Author: Harold Pollack

Harold Pollack is Helen Ross Professor of Social Service Administration at the University of Chicago. He has served on three expert committees of the National Academies of Science. His recent research appears in such journals as Addiction, Journal of the American Medical Association, and American Journal of Public Health. He writes regularly on HIV prevention, crime and drug policy, health reform, and disability policy for American Prospect, tnr.com, and other news outlets. His essay, "Lessons from an Emergency Room Nightmare" was selected for the collection The Best American Medical Writing, 2009. He recently participated, with zero critical acclaim, in the University of Chicago's annual Latke-Hamentaschen debate.

28 thoughts on “Department of “Wish I said that,” Ronald Dworkin edition”

    1. It makes you wish that there was some way of amending the Constitution that didn’t give some people vastly more say in whether or not it happens than other people.

      1. It’s the Land vs People debate. Why it is good that Wyoming has the same sway as California, with 1/47th the people, I don’t understand.

      2. Fine, point out to us an example of an actual amendment submitted to the states, which failed because it was disproportionately opposed by small states. If it’s a real problem, ought to be easy.

        This is a case of using a theoretical difficulty which doesn’t actually come up in practice as an excuse why our political class can’t be bothered with following the rules they swore oaths to obey as a condition of taking office.
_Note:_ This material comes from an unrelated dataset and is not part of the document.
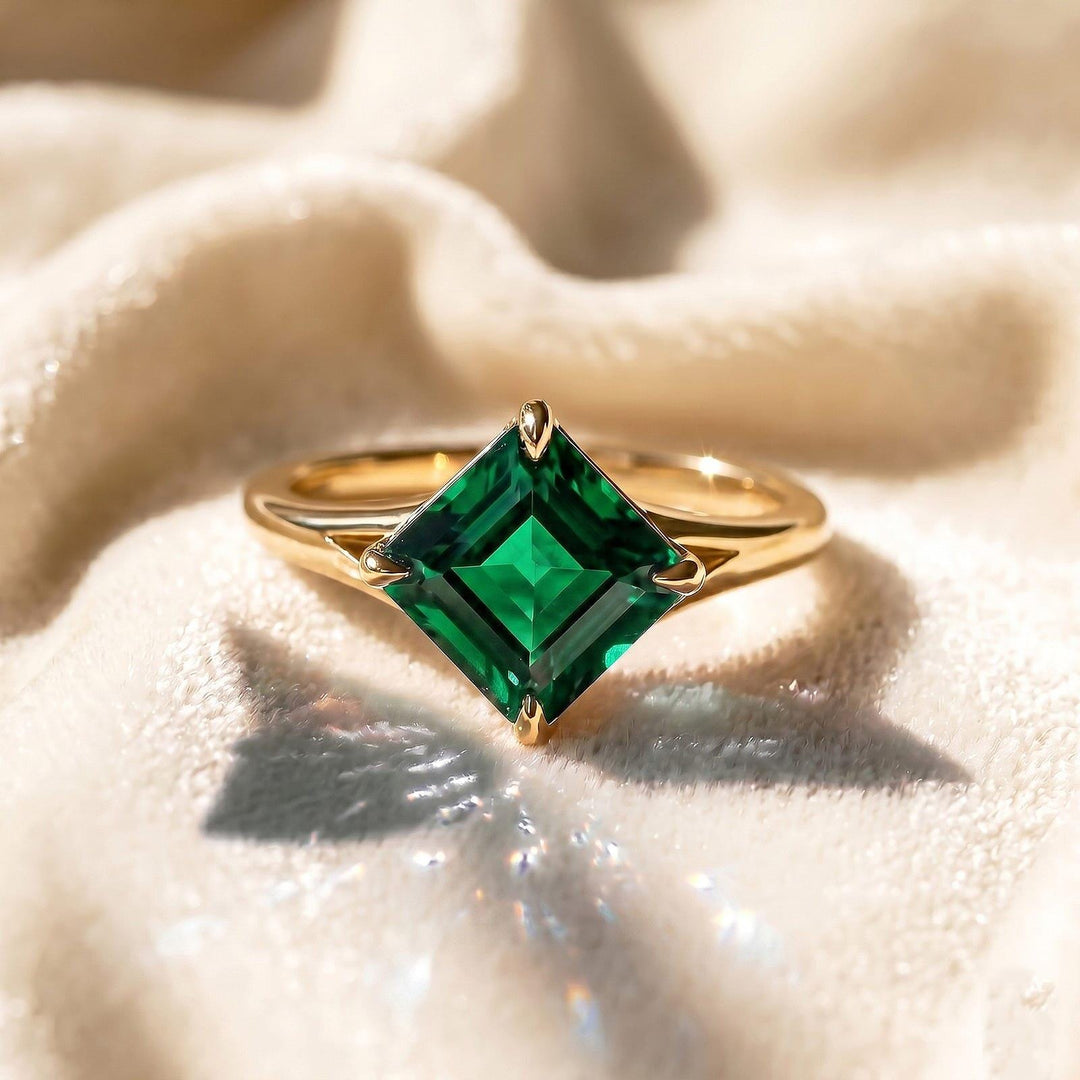 Lab Emerald Asscher Cut Engagement Ring, Bezel Set Green Solitaire Ring Minimalist Gold Ring, Vintage Style Promise Ring Bridal Jewelry Gift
It’s like rejecting democracy and imposing a dictatorship, and using Arrow’s theorem to justify the coup.

        It isn’t “an anachronistic, crippling burden we cannot escape,”, it’s a procedural safeguard they can’t meet because the amendments they want don’t have popular support. And they know it, that’s why they don’t even make the attempt.

        And let me anticipate the next complaint: The super-majority.

        That’s not a requirement for overwhelming support. It’s a requirement that the support be well distributed, that one part of the nation not impose an amendment on another part. Each elected representative is a sampling of opinion in their district. If an amendment has well distributed majority support, then a majority supporting it in a super-majority of districts is assured. Simple statistics.

        1. This is a case of using a theoretical difficulty which doesn’t actually come up in practice as an excuse why our political class can’t be bothered with following the rules they swore oaths to obey as a condition of taking office.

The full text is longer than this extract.